To the surprise of those investigating the way in which DNA molecules replicate, it turned out that the two new daughter strands are synthesized on their templates in different ways. One strand is built by simply adding nucleotides to its growing end. This strand grows inward toward the junction of the Y as the duplex unzips. Because this strand ends with an – OH group attached to the third carbon of the ribose sugar (called the “3-prime,” or 3′ carbon), the strand is said to grow from its 3′ end. The enzyme that catalyzes this process is called a DNA polymerase.
However, when investigators searched for a corresponding enzyme that added nucleotides to the other strand (which ends with a – PO4 group attached to the fifth carbon of the ribose sugar and is called the 5′ end), they were unable to find one. Nor has anyone ever found one. DNA polymerases add only to the 3′ ends of DNA strands.

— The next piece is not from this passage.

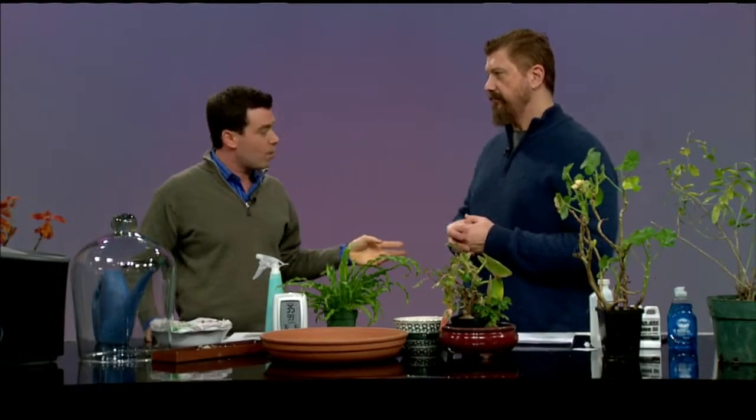Welcome back. We're talking about winter pests with master gardener Ed. People think their homes are safe, but pests can already be there or come in on a new plant and spread. In winter, plants are stressed — humidity is down, days are short, light is weak — so their immune system is low, just like when you're sleep-deprived and catch a cold. That makes them susceptible to diseases and insects. We're going to cover the three most common insects.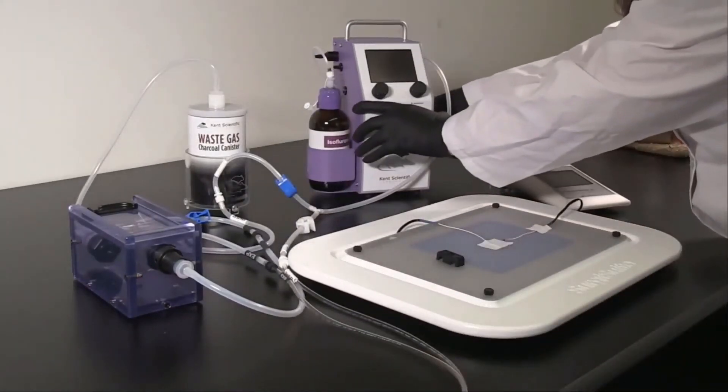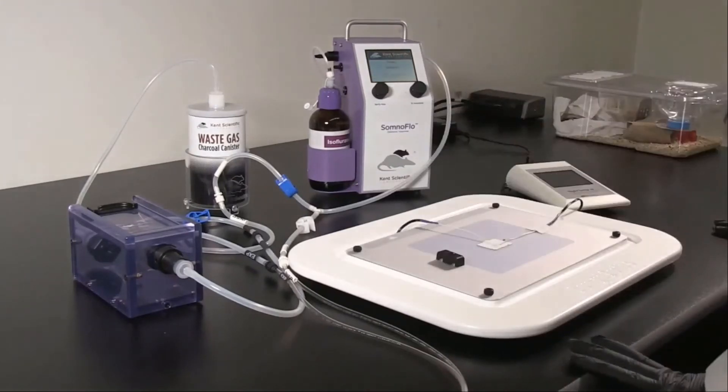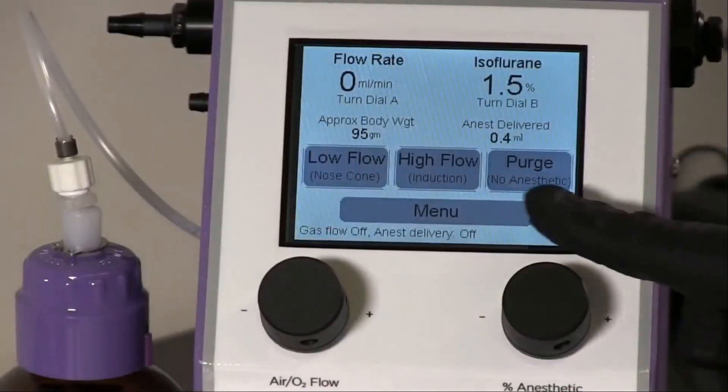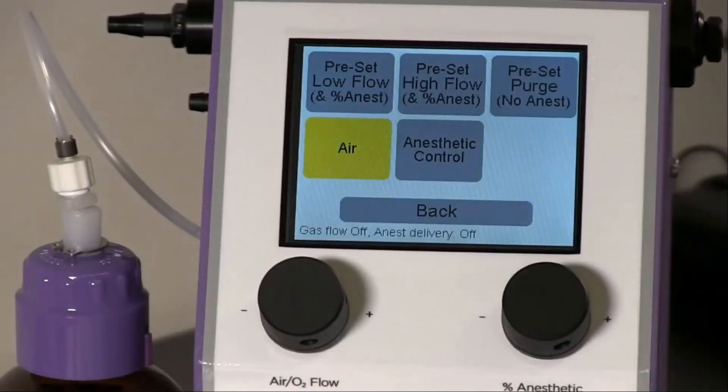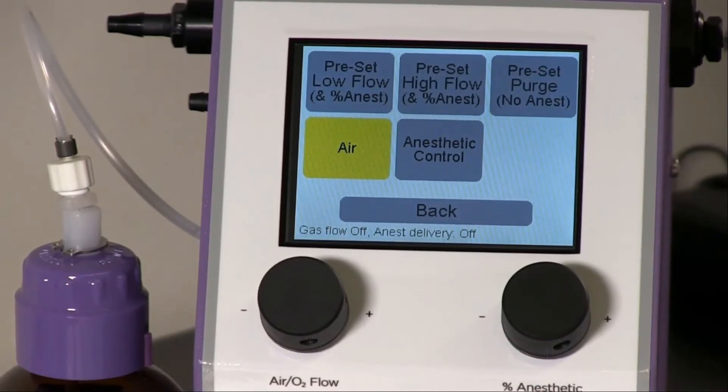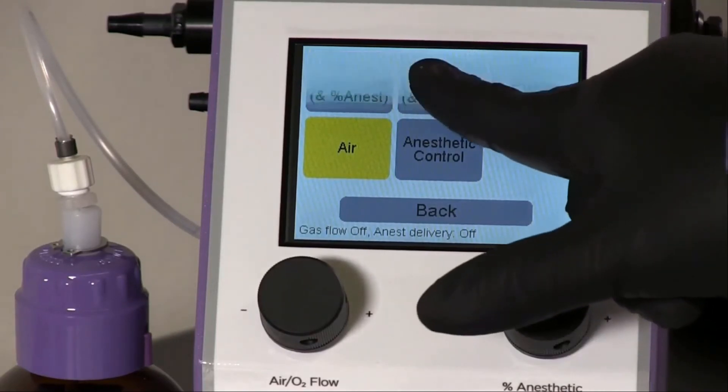Turn on the SomnoFlow to begin the automatic priming sequence. The system will draw anesthetic directly from the bottle and prepare the system for delivery. Once priming is complete, touch Menu to enter the preset settings. There are three presets available to save your preferred settings: Low Flow is best used for anesthetic maintenance, High Flow is best used for induction, and Purge is best used to reduce excess anesthetic in the induction chamber. The SomnoFlow will save all of your settings, but you can return to this menu at any time to adjust the preset options.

How does the polymerase build the 5′ strand? Along this strand, the chain is also formed in the 3′ direction, the polymerase jumping ahead and filling in backward. The DNA polymerase starts a burst of synthesis at the point of the replication fork and moves outward, adding nucleotides to the 3′ end of a short new chain until this new segment fills in a gap of 1000 to 2000 nucleotides between the replication fork and the end of the growing chain to which the previous segment was added (the fragment is called an Okazaki fragment after the discoverer, who performed a “pulse-chase” experiment: a brief addition of radioactive nucleotides appears first in 1000 to 2000 nucleotide DNA fragments. Sampled a little later, such fragments no longer exhibit radioactivity; instead, the radioactive nucleotides are in the main DNA molecule. Okazaki concluded that the 5′ strand of DNA is built by first making short fragments and then stitching them to the growing end of the DNA chain with DNA-joining enzymes called ligases). The short new chain is then added to the growing chain, and the polymerase jumps ahead again to fill in another gap. In effect, it copies the template strand in segments about 1000 nucleotides long and stitches each new fragment to the end of the growing chain. This mode of replication is referred to as discontinuous synthesis. It one looks carefully at electron micrographs showing DNA replication in progress, one of the daughter strands behind the polymerase appears single-stranded for about 1000 nucleotides.
A DNA molecule copies (replicates) itself by separating its two strands and using each as a template to assemble a new complementary strand, thus forming two daughter duplexes. The two strands are assembled in different directions.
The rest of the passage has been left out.